Nous ne pouvons pas imaginer la vraie figure de la révolution russe, puisque nous ne connaissons pas l’attitude des partis extrêmes. Paron me dit qu’en tout cas elle facilitera l’autonomie de la Pologne et déliera les Alliés de l’engagement ― pris même avant la Guerre ― de donner Constantinople aux Russes.

25 mars 1917.

Depuis plusieurs jours, les journaux s’étendent sur le vandalisme de l’ennemi dans la zone abandonnée par lui : destructions, pillages, déportations, incendies, mutilations d’arbres fruitiers. Ce dernier trait frappe plus fort que les autres.

L’indignation semble emporter parfois les reporters au delà de la vérité. L’un d’eux affirme que si les Allemands n’avaient pas été vigoureusement poursuivis, ils auraient massacré toutes les populations. Beaucoup assurent que les sources ont été empoisonnées, bien qu’on nie le fait au service de Santé. D’autres encore s’apitoient sur l’état de délabrement des habitants libérés.

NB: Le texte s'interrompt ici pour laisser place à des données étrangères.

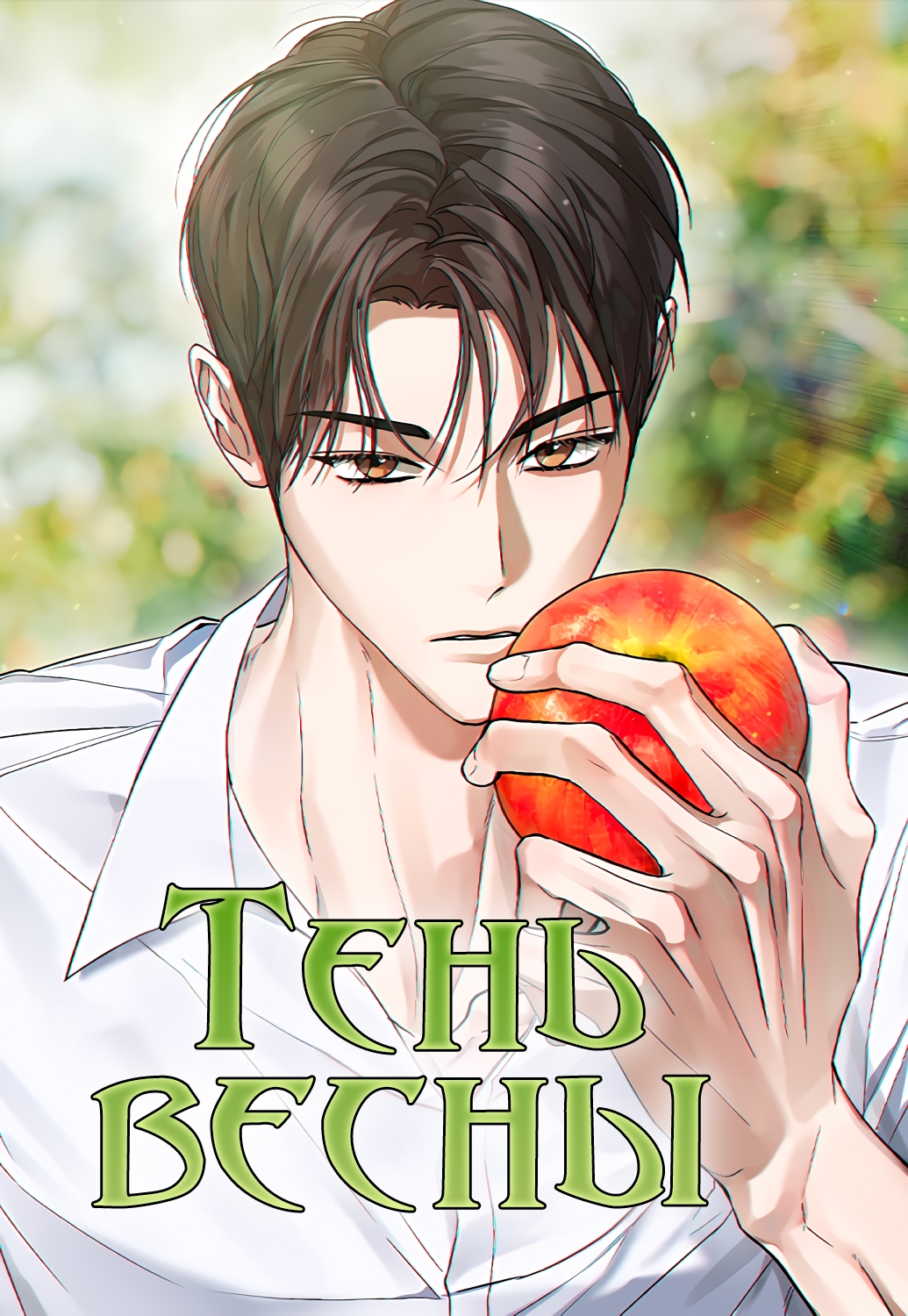 Тень весны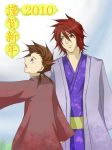  alternate_costume brown_hair father_and_son japanese_clothes kratos_aurion lloyd_irving short_hair tales_of_symphonia 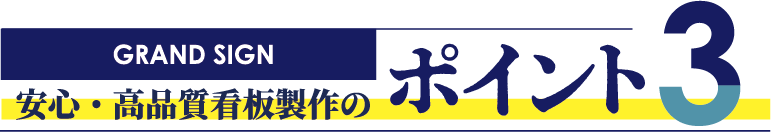GRANDSIGNポイント3見出し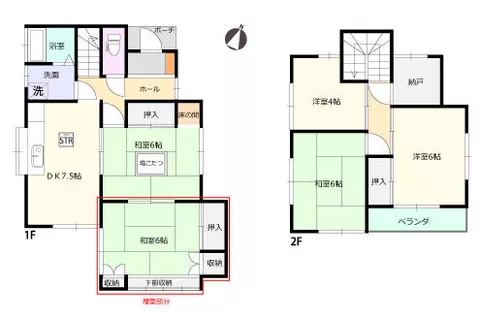 Hachioji City, Shimoengata Town (Takaosanguchi Station), 2 floors, 5DK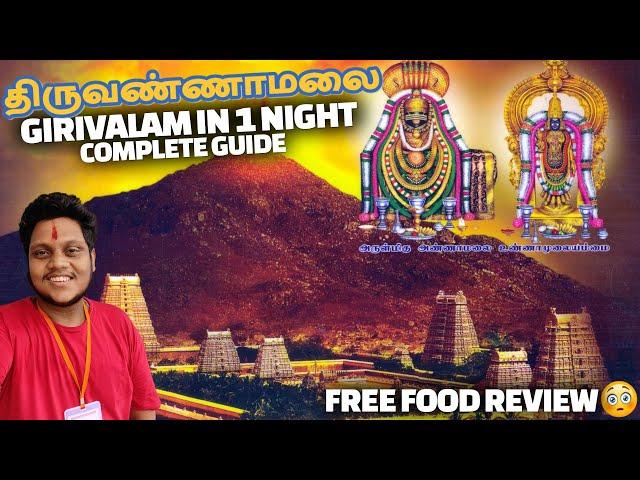 Tiruvannamalai Girivalam FREE FOOD review | Girivalam 14 Km walking complete guide 2023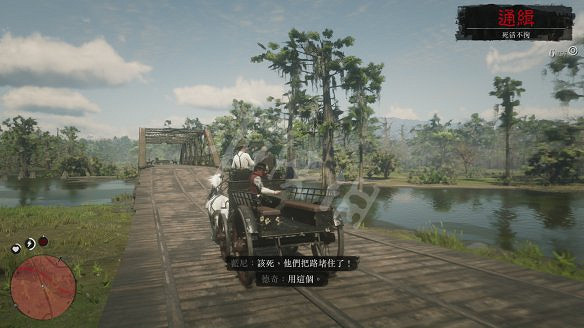 《荒野大鏢客2》圖文攻略:主線流程+支線任務+槍械系統+服裝系統+戰鬥系統+狩獵系統+馬匹系統+地圖資源+榮譽系統+介面介紹+上手操作 《荒野大鏢客2》圖文攻略:主線流程+支線任務+槍械系統+服裝系統+戰鬥系統+狩獵系統+馬匹系統+地圖資源+榮譽系統+介面介紹+上手操作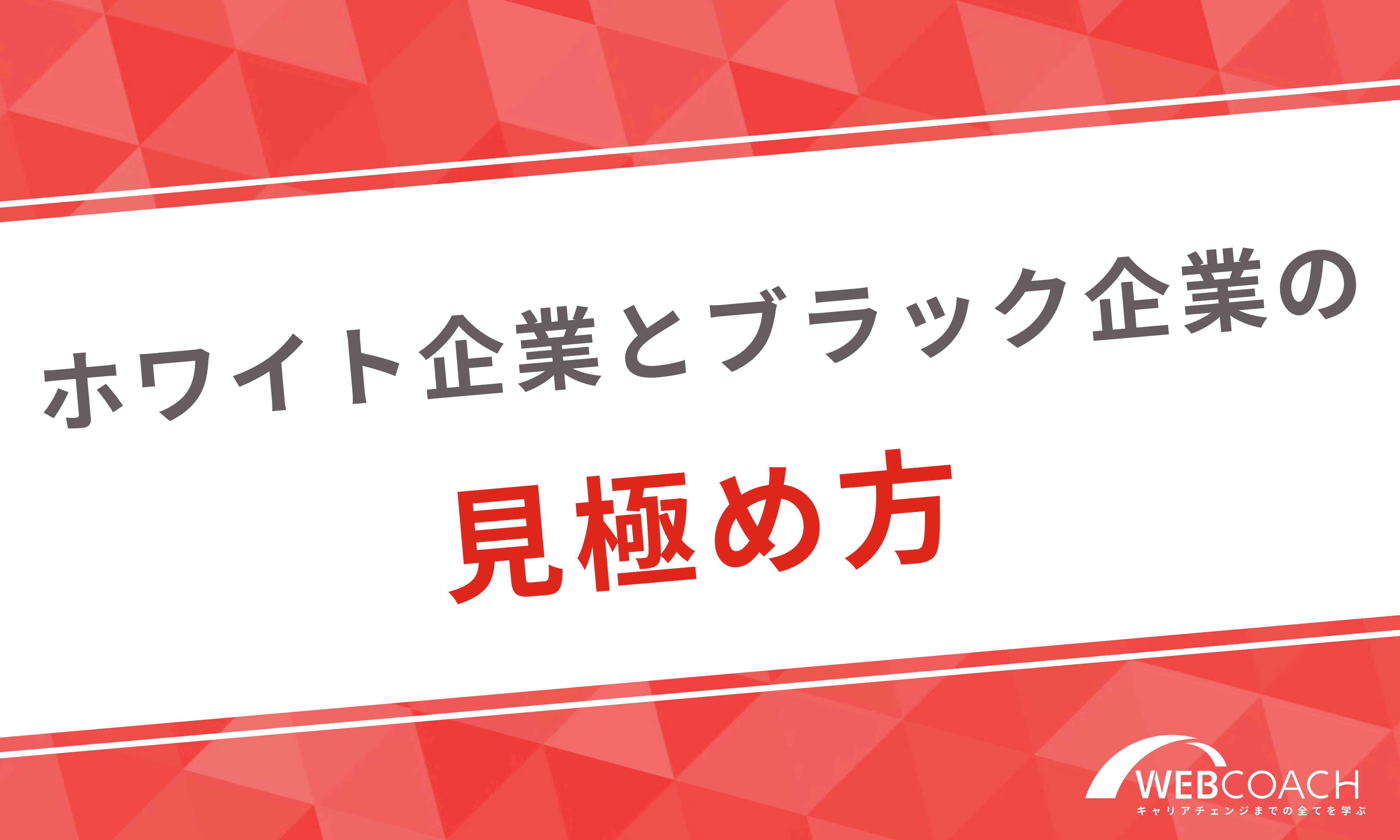 ホワイトなSES企業とブラックなSES企業の見分け方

Nul n’ajoute ― chose curieuse, cette remarque évidente a le don d’irriter tous ceux qui l’entendent ― que le blocus, destiné à affamer l’Allemagne, devait fatalement exercer ses effets, non seulement sur les Allemands eux-mêmes, mais aussi sur les prisonniers qu’ils gardent et sur les pays qu’ils occupent.

Nul n’envisage non plus que les plus meurtrières offensives n’ont jamais reconquis, sur un front étroit, que quelques kilomètres d’un terrain également dévasté, tandis que le repli allemand représente la reprise de 400 communes, la cinquième partie du territoire envahi, sans pertes.

On ne nous montre que l’horreur stupide de la dévastation. Elle devient prétexte à exalter la fureur. Des discours vouent ces forfaits à l’exécration universelle. « La haine est désormais le plus saint des devoirs ». Aussi les passions s’exaspèrent-elles. Pour la première fois depuis le début de la guerre, la population s’est départie de sa calme et digne attitude. On a poussé des cris de mort devant des trains de prisonniers allemands, stationnés dans des gares de l’arrière.